━━ Dataset

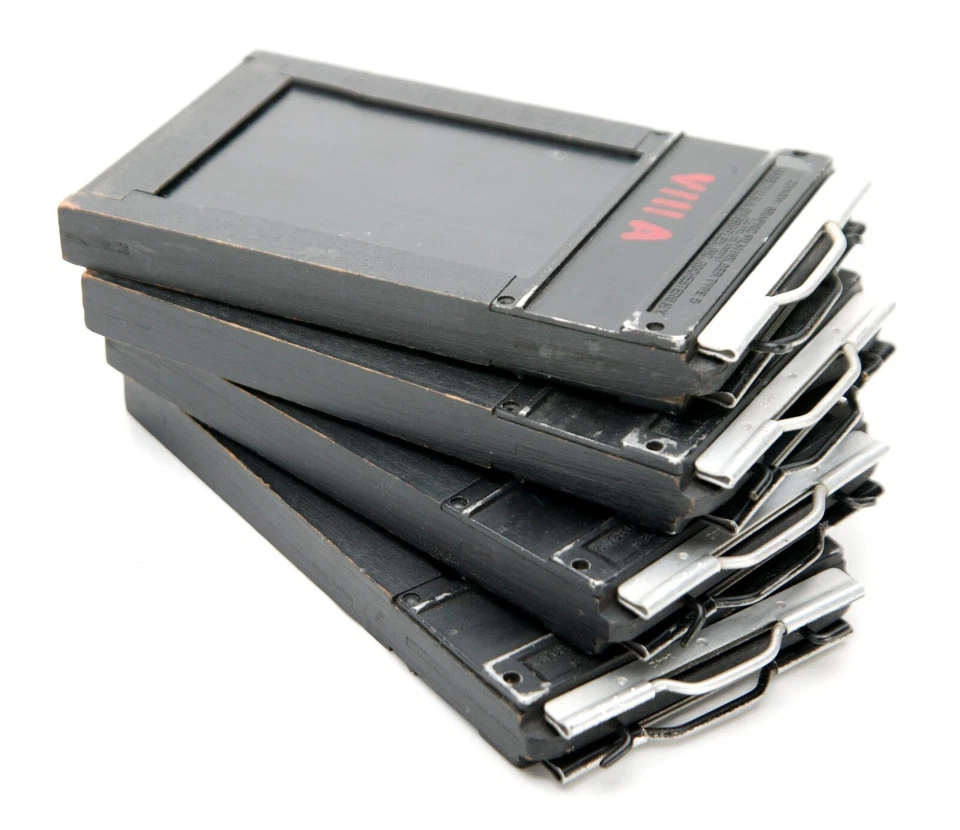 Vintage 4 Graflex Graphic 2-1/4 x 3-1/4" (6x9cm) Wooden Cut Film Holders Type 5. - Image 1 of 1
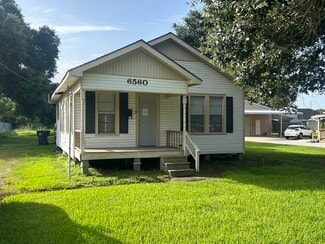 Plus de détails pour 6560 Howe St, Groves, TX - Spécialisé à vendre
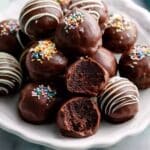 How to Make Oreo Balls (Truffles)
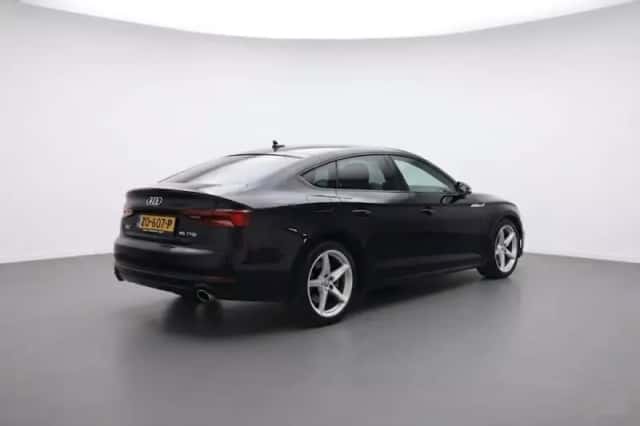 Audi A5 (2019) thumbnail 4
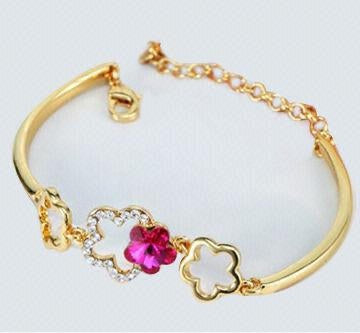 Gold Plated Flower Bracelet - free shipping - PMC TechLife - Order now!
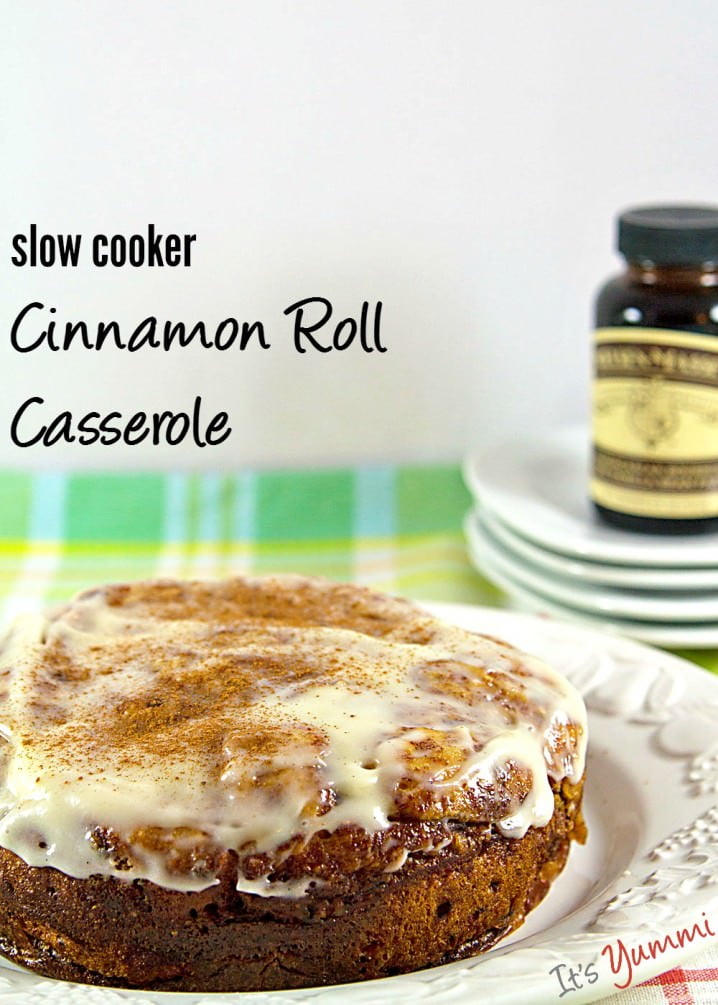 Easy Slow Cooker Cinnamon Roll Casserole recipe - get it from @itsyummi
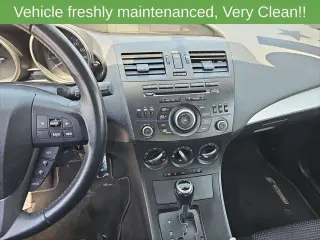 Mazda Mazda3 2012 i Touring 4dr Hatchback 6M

━━━━

Instructions to follow
Retype exactly, please, the span from the line holding "How to Make Oreo Balls (Truffles)" through the closing line of the data, both ends included, without the pictures.

Answer to the exercise
 How to Make Oreo Balls (Truffles)
 Audi A5 (2019) thumbnail 4
 Gold Plated Flower Bracelet - free shipping - PMC TechLife - Order now!
 Easy Slow Cooker Cinnamon Roll Casserole recipe - get it from @itsyummi
 Mazda Mazda3 2012 i Touring 4dr Hatchback 6M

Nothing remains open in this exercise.